Recently, the 8th Circuit Court of Appeals decided United States ex rel. Kraemer v. United Dairies, L.L.P., a case involving an application for crop insurance and the False Claims Act. The court held that a false claim had not been made, because the record only established that United Dairies received the crop insurance coverage it paid for, and the insurance provider regularly paid these types of claims despite violations of the intended-use policy.

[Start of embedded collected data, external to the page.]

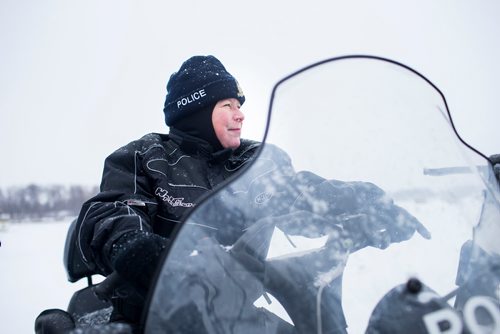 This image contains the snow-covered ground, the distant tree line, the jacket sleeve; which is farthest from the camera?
the distant tree line

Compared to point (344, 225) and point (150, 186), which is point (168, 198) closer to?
point (150, 186)

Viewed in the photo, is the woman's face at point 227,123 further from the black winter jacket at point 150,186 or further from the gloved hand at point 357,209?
the gloved hand at point 357,209

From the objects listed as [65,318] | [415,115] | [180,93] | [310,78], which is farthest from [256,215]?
[180,93]

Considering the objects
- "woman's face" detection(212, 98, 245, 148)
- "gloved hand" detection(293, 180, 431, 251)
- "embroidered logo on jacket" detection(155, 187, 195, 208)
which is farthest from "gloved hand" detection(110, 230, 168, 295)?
"woman's face" detection(212, 98, 245, 148)

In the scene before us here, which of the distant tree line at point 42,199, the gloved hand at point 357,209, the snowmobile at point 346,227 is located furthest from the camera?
the distant tree line at point 42,199

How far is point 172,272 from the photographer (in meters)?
0.82

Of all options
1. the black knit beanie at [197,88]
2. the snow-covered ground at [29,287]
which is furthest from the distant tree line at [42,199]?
the black knit beanie at [197,88]

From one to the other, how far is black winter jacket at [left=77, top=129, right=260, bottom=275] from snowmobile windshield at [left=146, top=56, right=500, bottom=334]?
0.43 meters

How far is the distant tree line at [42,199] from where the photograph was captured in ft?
127

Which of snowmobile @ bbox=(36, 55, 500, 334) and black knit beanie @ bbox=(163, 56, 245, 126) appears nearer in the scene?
snowmobile @ bbox=(36, 55, 500, 334)

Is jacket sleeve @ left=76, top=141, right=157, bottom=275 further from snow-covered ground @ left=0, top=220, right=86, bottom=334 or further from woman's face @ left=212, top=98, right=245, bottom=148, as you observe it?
snow-covered ground @ left=0, top=220, right=86, bottom=334

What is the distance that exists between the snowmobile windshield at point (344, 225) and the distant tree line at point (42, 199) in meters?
38.0

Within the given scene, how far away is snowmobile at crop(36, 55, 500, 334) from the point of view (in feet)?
2.61

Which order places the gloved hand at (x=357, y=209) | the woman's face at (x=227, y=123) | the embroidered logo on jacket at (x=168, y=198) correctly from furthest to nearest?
1. the woman's face at (x=227, y=123)
2. the embroidered logo on jacket at (x=168, y=198)
3. the gloved hand at (x=357, y=209) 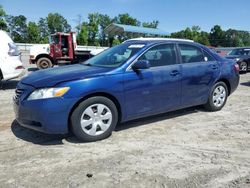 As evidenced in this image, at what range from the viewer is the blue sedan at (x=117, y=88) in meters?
4.51

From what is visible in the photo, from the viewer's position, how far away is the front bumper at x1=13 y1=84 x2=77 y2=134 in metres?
4.43

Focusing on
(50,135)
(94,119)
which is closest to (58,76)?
(94,119)

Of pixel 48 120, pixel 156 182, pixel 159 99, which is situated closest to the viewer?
pixel 156 182

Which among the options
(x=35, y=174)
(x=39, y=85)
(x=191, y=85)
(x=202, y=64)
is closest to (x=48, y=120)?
(x=39, y=85)

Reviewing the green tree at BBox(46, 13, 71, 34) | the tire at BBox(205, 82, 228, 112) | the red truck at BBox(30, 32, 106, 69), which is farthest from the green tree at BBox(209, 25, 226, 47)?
the tire at BBox(205, 82, 228, 112)

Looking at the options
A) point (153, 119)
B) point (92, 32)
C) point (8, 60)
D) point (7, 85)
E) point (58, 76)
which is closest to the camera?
point (58, 76)

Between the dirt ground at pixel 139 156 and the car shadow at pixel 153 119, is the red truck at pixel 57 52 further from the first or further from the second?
the car shadow at pixel 153 119

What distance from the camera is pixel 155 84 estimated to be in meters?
5.36

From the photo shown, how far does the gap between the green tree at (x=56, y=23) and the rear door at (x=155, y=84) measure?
80886mm

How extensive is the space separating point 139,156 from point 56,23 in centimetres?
9245

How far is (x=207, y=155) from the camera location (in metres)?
4.27

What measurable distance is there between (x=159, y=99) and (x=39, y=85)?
2131 mm

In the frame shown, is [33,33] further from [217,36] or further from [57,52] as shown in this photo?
[217,36]

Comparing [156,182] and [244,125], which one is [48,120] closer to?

Kraemer displays critical faults in the federal crop insurance program. During the nine-day bench trial, an experienced crop insurance agent testified that a farmer may insure corn as grain even when intended to be chopped as silage so long as the corn is not a silage only variety. However, there is no federal statute, regulation, or RMA agency guidance list that specifies which corn varieties are “adapted for silage use only.” United States ex rel. Kraemer v. United Dairies, L.L.P., 82 F.4th 595, 602 (2023).
The FCIC issues an annual edition of a “Crop Insurance Handbook,” which is used to train AIPs at an annual conference. As a retired director of RMA’s St. Paul office testified, “it is a very thick document.” In Kraemer, the Handbook in question stated: “insureds must report insurable acreage by unit and by type (grain or silage) according to the intended method of harvest; however, a variety of corn adapted for use as silage only is not insurable as grain and must be insured as silage.” Kraemer, 82 F.4th at 599. (emphasis added). At the advice of their insurance agent, United Dairies insured the crop as grain. Then, it chopped the crop down for silage, and received the insurance coverage. Unfortunately, there was no evidence or testimony of whether the AIP inquired into the crops intended use.
See the issue yet? RMA’s own handbook details requirements for silage use only, despite not having a designated list naming which corn seed can only be used as silage. Nor can it be understood how AIPs are expected to be trained on dense insurance policy provisions at a single annual conference. While United Dairies insured a crop that was developed and marketed as silage, it also produced decent grain yields, giving it the opportunity to insure the crop as grain. While we can only speculate, it is not a stretch of the imagination to conclude that United Dairies knew it always intended to chop the crop and use it as silage instead of harvest it for grain.
However, mere speculation is not evidence at trial. Had the AIP followed the RMA’s handbook and made the crop’s intended use a condition of pay, this case may have had a different outcome. Poor training, voluminous regulations, and ambiguous language as to what constitutes as “silage only” left much to be interpreted. As it stands, the United Dairies was found to not have committed a violation of the False Claims Act because the AIP regularly paid out this type of claim despite actual knowledge the alleged intended-use policy requirement was violated. Thus, United Dairies simply received the crop insurance coverages they paid for.